▸ **Exercise goal**
Could you repeat, exactly and with no pictures, only the lines from the start of the records through the line containing "Used 2017 Jeep"?

▸ **Input material**

=== Begin Enclosure ===

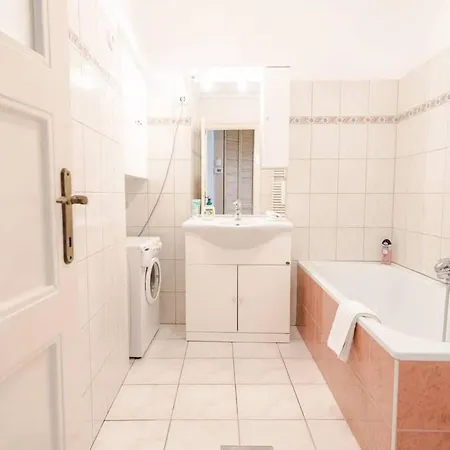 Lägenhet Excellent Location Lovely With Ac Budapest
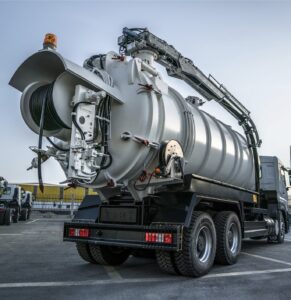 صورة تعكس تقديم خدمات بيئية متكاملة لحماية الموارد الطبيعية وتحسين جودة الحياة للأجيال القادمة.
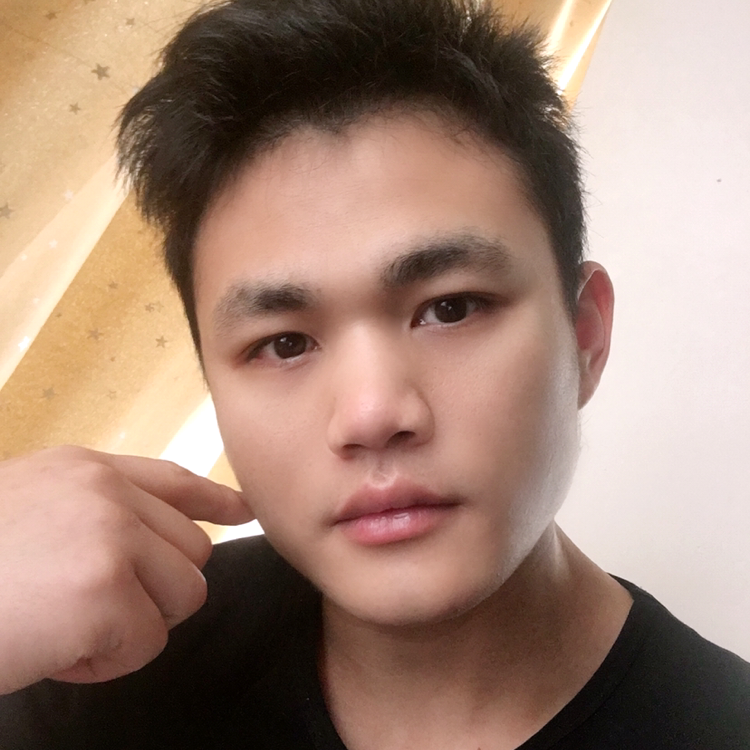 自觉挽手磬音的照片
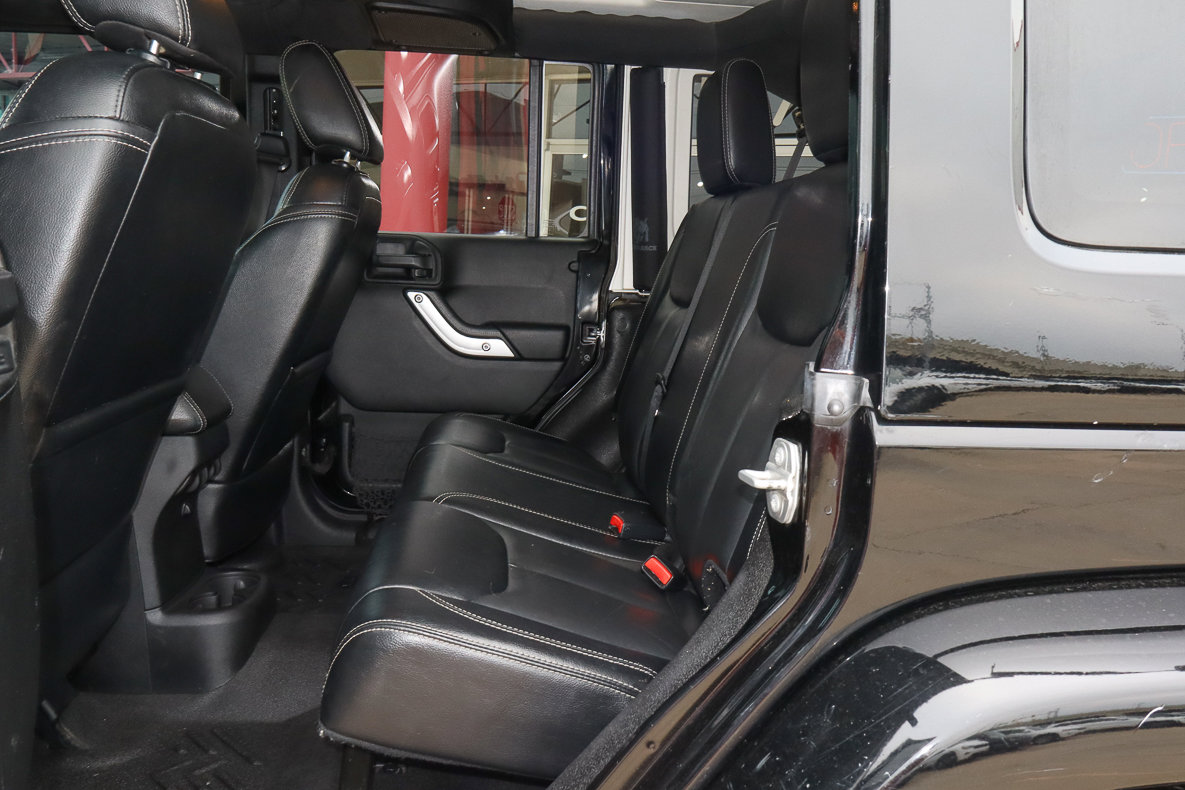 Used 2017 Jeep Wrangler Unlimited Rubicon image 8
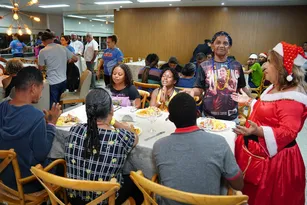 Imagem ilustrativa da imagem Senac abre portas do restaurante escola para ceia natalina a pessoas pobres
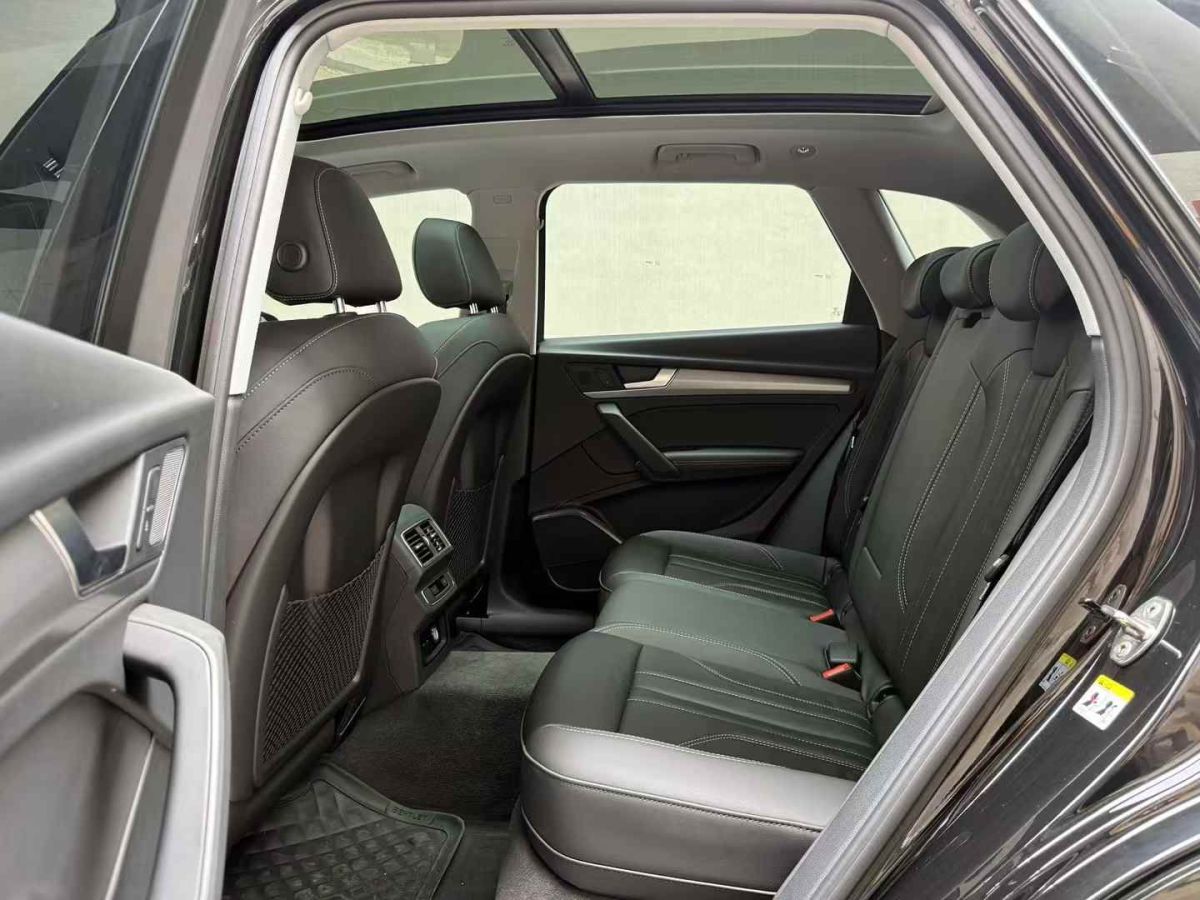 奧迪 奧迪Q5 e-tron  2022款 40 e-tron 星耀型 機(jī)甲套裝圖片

=== End Enclosure ===

▸ **Answer for this exercise**
 Lägenhet Excellent Location Lovely With Ac Budapest
 صورة تعكس تقديم خدمات بيئية متكاملة لحماية الموارد الطبيعية وتحسين جودة الحياة للأجيال القادمة.
 自觉挽手磬音的照片
 Used 2017 Jeep Wrangler Unlimited Rubicon image 8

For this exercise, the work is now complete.